* **PROBLEM STATEMENT**
In the data that follows, find each line containing "Style" and copy it.

* **SUPPLIED MATERIAL**
#####

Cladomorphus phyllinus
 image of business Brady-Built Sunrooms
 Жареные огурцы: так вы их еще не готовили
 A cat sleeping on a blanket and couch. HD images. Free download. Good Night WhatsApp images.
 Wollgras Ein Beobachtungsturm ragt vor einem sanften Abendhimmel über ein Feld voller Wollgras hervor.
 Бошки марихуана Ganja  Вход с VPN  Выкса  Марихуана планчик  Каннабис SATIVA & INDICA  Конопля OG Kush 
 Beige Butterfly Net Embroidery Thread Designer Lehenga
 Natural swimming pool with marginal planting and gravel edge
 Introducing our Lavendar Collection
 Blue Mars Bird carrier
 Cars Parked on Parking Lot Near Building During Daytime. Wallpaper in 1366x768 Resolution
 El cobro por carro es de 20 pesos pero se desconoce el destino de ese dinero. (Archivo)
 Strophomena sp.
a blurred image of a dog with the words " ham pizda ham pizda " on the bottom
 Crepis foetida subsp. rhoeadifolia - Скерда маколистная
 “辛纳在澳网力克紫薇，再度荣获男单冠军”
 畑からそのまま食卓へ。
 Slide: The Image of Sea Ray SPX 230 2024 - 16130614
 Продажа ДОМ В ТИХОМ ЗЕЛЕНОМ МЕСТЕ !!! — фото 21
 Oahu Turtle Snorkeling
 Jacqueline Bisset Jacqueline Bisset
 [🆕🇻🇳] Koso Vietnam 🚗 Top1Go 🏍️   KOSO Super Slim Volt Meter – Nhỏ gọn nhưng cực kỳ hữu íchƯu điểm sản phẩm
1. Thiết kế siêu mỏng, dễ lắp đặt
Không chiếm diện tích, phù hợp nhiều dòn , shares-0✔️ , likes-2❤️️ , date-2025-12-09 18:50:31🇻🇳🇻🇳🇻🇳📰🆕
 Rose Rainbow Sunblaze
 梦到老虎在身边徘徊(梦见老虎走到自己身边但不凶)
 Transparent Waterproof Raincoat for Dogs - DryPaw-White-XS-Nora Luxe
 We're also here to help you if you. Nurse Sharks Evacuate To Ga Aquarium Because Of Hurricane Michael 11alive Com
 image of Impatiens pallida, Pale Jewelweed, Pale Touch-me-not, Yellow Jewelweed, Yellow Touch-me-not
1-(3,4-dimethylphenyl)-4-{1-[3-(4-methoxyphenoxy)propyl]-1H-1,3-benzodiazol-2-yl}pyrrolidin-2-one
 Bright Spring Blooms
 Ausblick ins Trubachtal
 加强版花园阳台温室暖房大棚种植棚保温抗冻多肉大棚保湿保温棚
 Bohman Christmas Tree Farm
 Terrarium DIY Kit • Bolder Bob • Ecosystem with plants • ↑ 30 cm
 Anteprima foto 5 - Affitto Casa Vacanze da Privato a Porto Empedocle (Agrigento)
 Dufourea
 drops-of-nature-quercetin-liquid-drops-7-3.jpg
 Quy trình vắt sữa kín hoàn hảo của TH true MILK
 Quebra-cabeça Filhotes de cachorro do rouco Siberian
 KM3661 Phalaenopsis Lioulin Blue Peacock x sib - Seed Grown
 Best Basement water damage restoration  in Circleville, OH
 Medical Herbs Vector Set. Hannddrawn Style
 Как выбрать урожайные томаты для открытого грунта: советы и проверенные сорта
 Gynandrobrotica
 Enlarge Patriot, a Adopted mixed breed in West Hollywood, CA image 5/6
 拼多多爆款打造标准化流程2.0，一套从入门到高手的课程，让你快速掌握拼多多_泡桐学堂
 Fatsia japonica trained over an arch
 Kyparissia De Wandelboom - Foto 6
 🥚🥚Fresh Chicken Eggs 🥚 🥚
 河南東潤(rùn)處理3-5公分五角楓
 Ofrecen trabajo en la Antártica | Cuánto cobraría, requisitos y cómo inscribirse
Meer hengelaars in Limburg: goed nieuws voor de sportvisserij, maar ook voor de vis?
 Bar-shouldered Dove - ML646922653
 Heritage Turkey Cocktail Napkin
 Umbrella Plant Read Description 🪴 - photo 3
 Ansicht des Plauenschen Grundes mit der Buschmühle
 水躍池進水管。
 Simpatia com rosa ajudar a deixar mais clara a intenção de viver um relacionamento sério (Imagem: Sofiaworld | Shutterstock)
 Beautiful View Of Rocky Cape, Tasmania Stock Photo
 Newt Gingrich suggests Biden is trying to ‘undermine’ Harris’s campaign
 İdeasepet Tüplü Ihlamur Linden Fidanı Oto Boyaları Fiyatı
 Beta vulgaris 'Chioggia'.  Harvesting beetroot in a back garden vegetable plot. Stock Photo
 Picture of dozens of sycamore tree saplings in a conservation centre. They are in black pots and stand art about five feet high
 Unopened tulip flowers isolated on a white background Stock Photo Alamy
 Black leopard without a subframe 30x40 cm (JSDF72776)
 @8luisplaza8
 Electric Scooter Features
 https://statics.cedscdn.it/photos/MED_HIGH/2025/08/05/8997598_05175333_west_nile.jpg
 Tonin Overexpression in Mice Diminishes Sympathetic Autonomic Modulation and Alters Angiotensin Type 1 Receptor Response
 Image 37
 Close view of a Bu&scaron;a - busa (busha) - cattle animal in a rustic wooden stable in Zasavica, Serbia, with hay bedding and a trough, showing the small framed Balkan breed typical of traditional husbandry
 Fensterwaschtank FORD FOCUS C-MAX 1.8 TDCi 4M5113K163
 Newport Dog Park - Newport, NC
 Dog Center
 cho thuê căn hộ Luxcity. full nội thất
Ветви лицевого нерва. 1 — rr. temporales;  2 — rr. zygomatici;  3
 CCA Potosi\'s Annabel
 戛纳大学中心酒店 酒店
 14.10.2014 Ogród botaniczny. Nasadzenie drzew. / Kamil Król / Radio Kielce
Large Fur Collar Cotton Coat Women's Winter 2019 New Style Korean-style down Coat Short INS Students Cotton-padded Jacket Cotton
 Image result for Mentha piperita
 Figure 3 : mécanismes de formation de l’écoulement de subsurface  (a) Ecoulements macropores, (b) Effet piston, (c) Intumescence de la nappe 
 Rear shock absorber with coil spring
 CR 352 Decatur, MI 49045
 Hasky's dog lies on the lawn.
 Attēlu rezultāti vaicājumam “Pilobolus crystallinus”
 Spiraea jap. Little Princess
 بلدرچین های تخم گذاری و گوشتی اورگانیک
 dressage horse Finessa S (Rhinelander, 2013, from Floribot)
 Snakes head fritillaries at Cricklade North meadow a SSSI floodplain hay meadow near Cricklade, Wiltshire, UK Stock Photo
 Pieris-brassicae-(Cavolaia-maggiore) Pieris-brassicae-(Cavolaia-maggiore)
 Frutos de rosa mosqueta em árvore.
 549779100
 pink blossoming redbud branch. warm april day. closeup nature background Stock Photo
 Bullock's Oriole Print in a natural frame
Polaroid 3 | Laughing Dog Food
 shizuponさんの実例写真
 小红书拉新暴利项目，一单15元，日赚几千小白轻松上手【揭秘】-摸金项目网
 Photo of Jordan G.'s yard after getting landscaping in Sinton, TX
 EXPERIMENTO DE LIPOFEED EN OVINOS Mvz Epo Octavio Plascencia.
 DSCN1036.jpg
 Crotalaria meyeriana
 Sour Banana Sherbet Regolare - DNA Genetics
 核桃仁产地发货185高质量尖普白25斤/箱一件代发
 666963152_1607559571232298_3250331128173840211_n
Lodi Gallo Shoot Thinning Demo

#####

* **ANSWER TO THIS TASK**
 Medical Herbs Vector Set. Hannddrawn Style
Large Fur Collar Cotton Coat Women's Winter 2019 New Style Korean-style down Coat Short INS Students Cotton-padded Jacket Cotton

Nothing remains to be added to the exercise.